The Council of State ordered the ICA to refund a cartel fine imposed on Hapag Lloyd Italy S.r.l. (“Hapag Lloyd”), after the underlying infringement decision was overturned based on appeals brought by other cartelists.[1]

In February 2012, the ICA fined 15 shipping agencies and two industry associations €4 million overall for infringing Article 101 TFEU.[2] Hapag Lloyd, which benefited from a 50% reduction of the fine on the basis of the leniency programme, did not challenge the decision. Following the appeals filed by the other alleged cartelists, in January 2013 the TAR Lazio quashed the ICA’s decision.[3] The judgment was confirmed by the Council of State in July 2014.[4]

In an effort to benefit from the outcome of the fellow cartelists’ appeals, Hapag Lloyd asked the TAR Lazio (i) to extend the effects of the judgment to those that did not challenge the ICA’s decision and, therefore, (ii) to find that the payment of its fine was undue, and (iii) to order the ICA to repay the fine. The TAR Lazio dismissed Hapag Lloyd’s request to extend the effects of the judgment on the ground that Hapag Lloyd did not challenge the ICA’s decision, despite having had the opportunity to do so, and reopened the proceedings for the analysis of Hapag Lloyd’s further requests.[5] The decision of the TAR Lazio was subsequently confirmed by the Council of State.[6]

Hapag Lloyd then asked the TAR Lazio to adjudicate on its remaining requests by (i) finding that the payment of its fine was undue, and (ii) ordering the ICA to repay it. The TAR Lazio rejected the request, on the ground that the payment was made on the basis of a decision in force and, thus, could not be deemed undue.[7]

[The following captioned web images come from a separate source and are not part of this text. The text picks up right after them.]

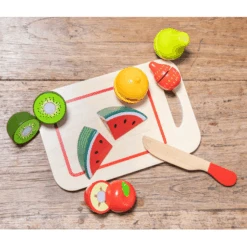 New Classic Toys® New Class Ic Toys Set De Corte Frutas Con Tabla 8 Piezas Colorido -Tienda De Juguetes Para Niños new class ic toys set de corte frutas con tabla 8 piezas colorido a415251 3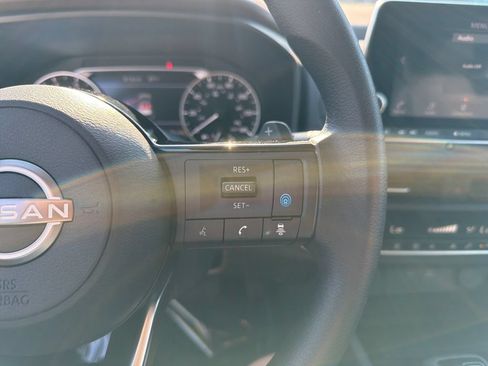 Used 2023 Nissan Rogue SV FWD image 22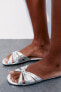 Фото #2 товара Золотистые сандалии на плоской подошве ZARA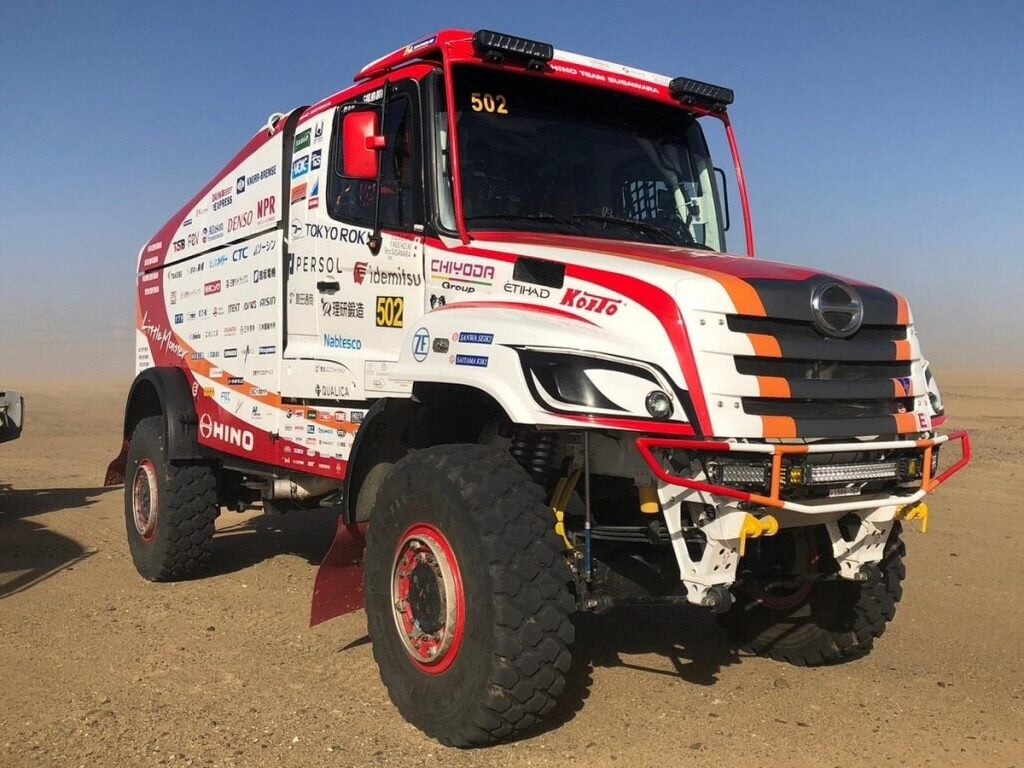 日野 改良版「HINO600シリーズ」で世界一過酷な「ダカール・ラリー2025」参戦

Hapag Lloyd challenged the TAR Lazio’s judgment before the Council of State, which upheld its appeal. According to the Council of State, under EU Regulation No. 1/2003 a fine can only be imposed if there is an infringement of competition rules. In the case at issue, the ICA decision found an anticompetitive agreement involving several parties, but the administrative courts held that the alleged cartel did not exist. The courts quashed the ICA decision because there was no infringement of competition rules, and not because some of the parties did not participate in the cartel or because of other issues linked to the parties’ individual positions. Therefore, it was not possible to find that the anticompetitive agreement existed in respect of some participants but not others.

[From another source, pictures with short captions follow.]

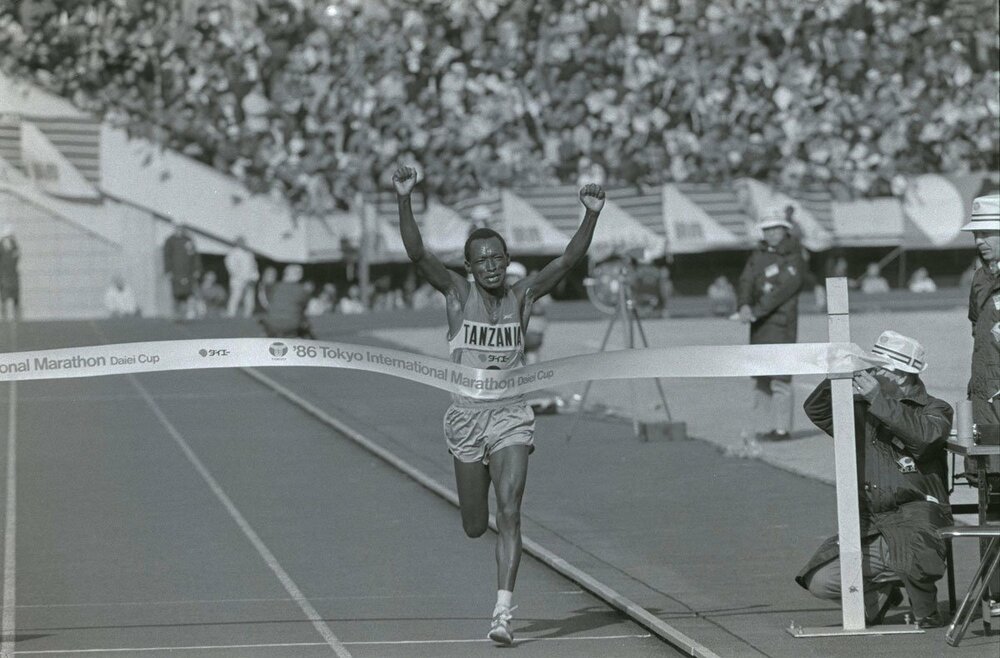 １９８６年の東京国際マラソンで優勝したイカンガー氏（ロイター）
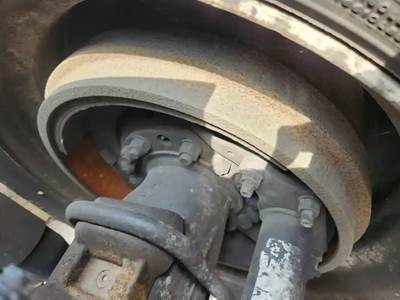 HUB PILOT Hub for a 2020 Freightliner Coronado 132 Glider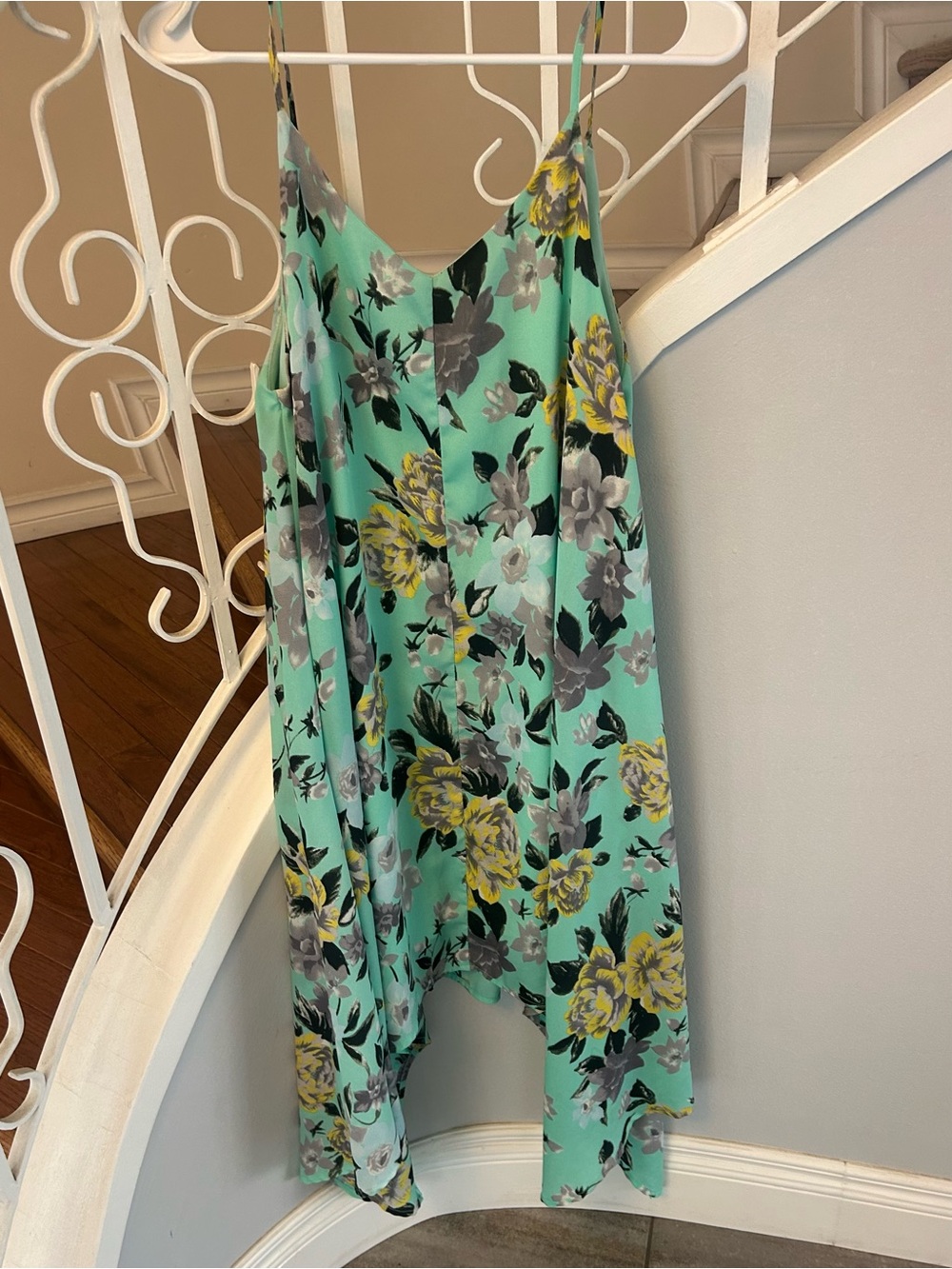 Design Lab Women’s Pastel Mint Floral
Asymmetric Handkerchief Hem Dress Size L - Picture 13 of 15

As a result, even if the effects of the judgment could not be extended to Hapag Lloyd because it did not challenge the ICA decision, the Council of State held that the payment of the fine can still be considered undue under EU law, and must therefore be returned, in the absence of anticompetitive conduct. In addition, the Council of State considered that the payment of a fine in the absence of an infringement would be incompatible with the proportionality principle. Finally, the Court noted that, pursuant to Article 2033 of the Italian Civil Code, undue payments must be returned. Accordingly, the Council of State ordered the ICA to return the fine.

[1]              Council of State, Judgment No. 8568/2019.

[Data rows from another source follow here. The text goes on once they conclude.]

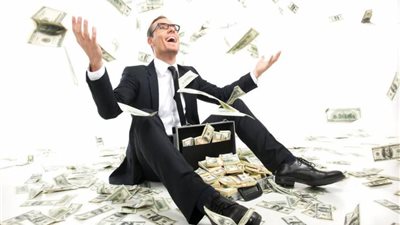 عامل روسي يتلقى رواتب زملائه بالخطأ ويرفض إعادتها.. ما القصة؟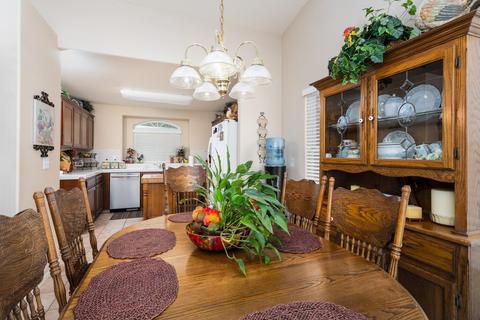 1134 Marks Ct, Dinuba, CA 93618 photo 14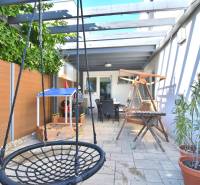 HROZNOVÁ, 4-i RD, 161 m2 – novostavba, krb, klíma, krásna záhrada - Záhrada rodinného domu na Hroznovej ulici v Ivanke pri Dunaji s hojdačkami a terasou.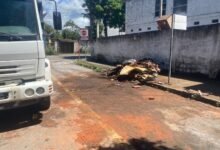 Trio eletrico abandonado e removido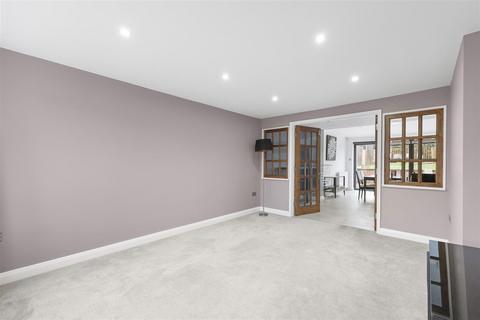 3 bedroom semi-detached house to rent, Shaftsbury Road, Epping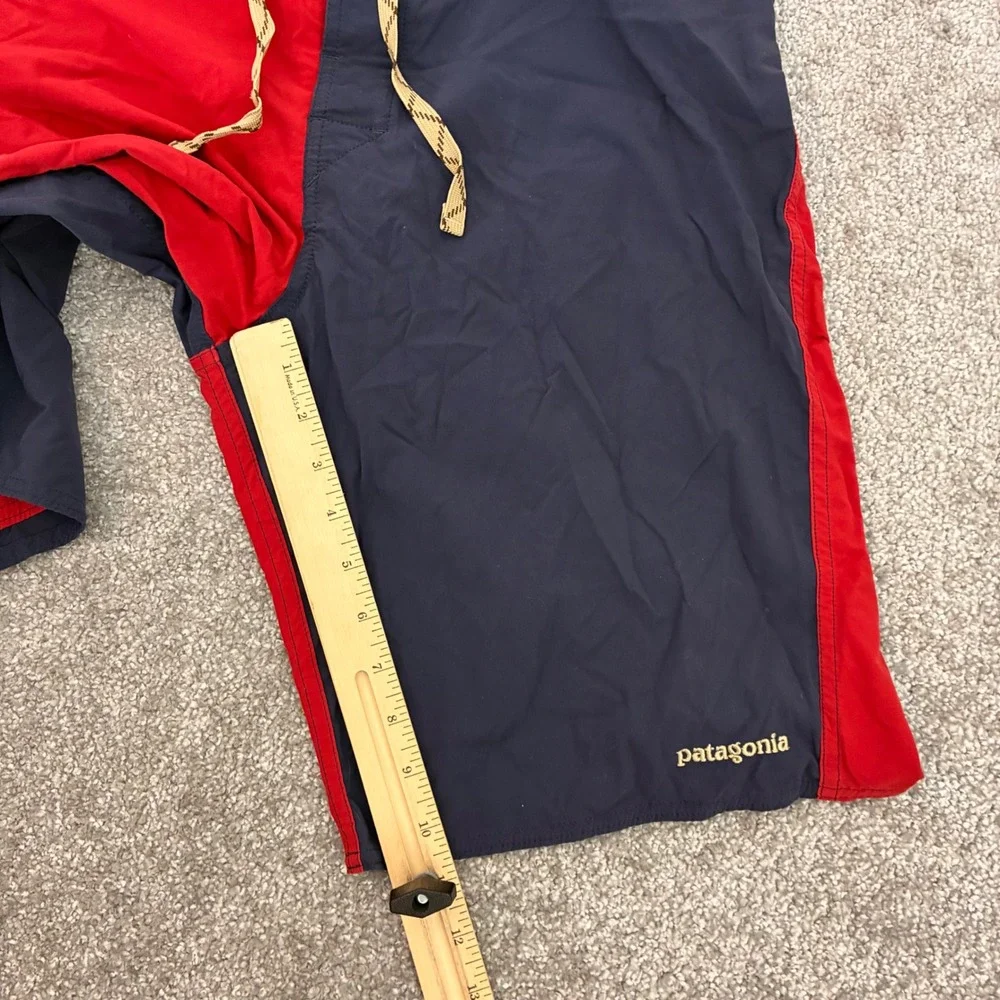 Patagonia Board Shorts Mens 32 Wavefarer Swim Trunks Red Navy Blue Colorblock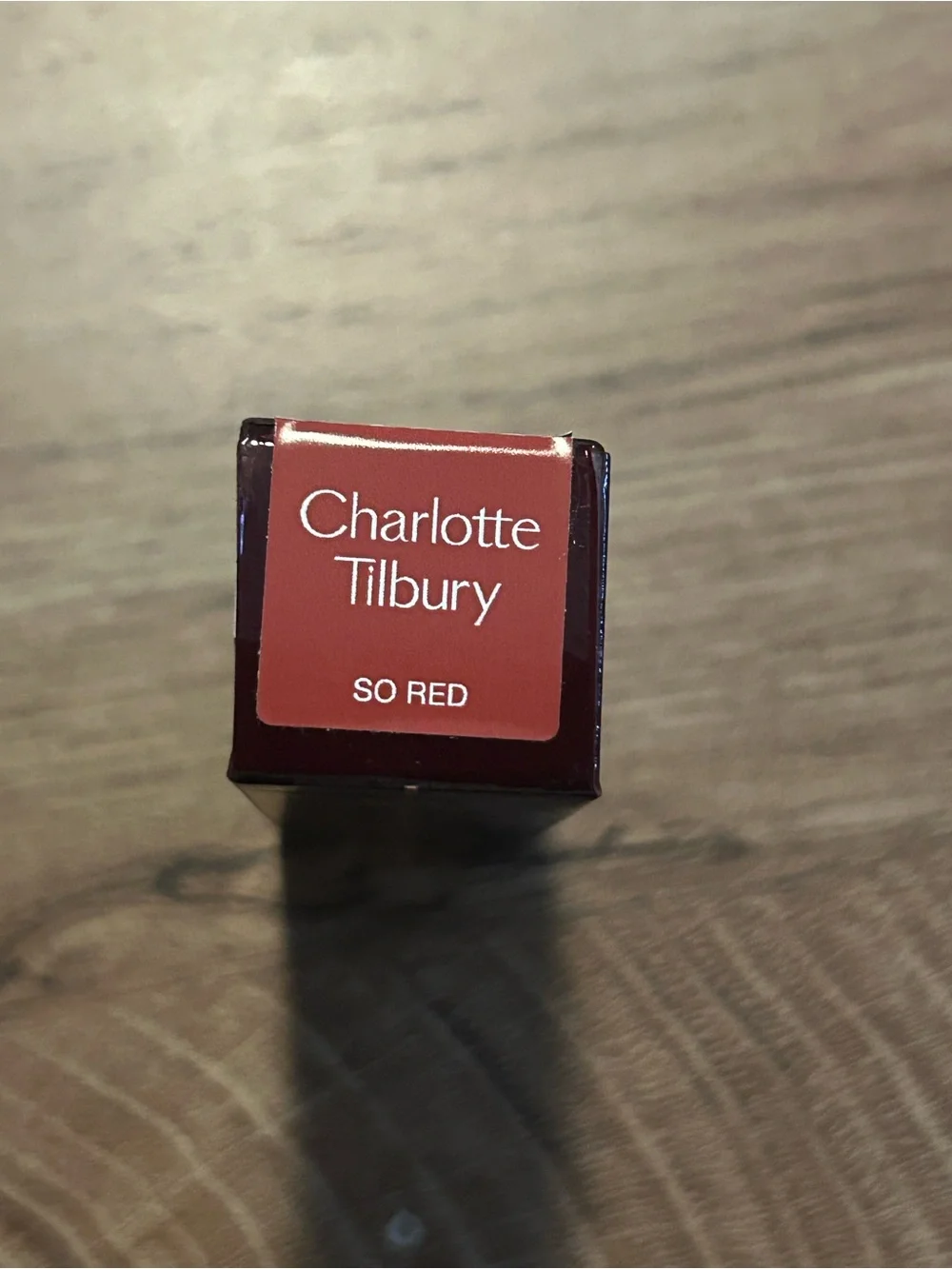 Charlotte Tilbury K.I.S.S.I.N.G Lipstick - So Red.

[2]              ICA Decision of February 22, 2012, No. 23338, Case I733, Servizi di agenzia marittima.

[3]              TAR Lazio, Judgment No. 362/2013.

[4]              Council of State, Judgment No. 3406/2014.

[5]              TAR Lazio, Judgment No. 6241/2015.

[6]              Council of State, Judgment No. 362/2016.

[7]              TAR Lazio, Judgment No. 4010/2017.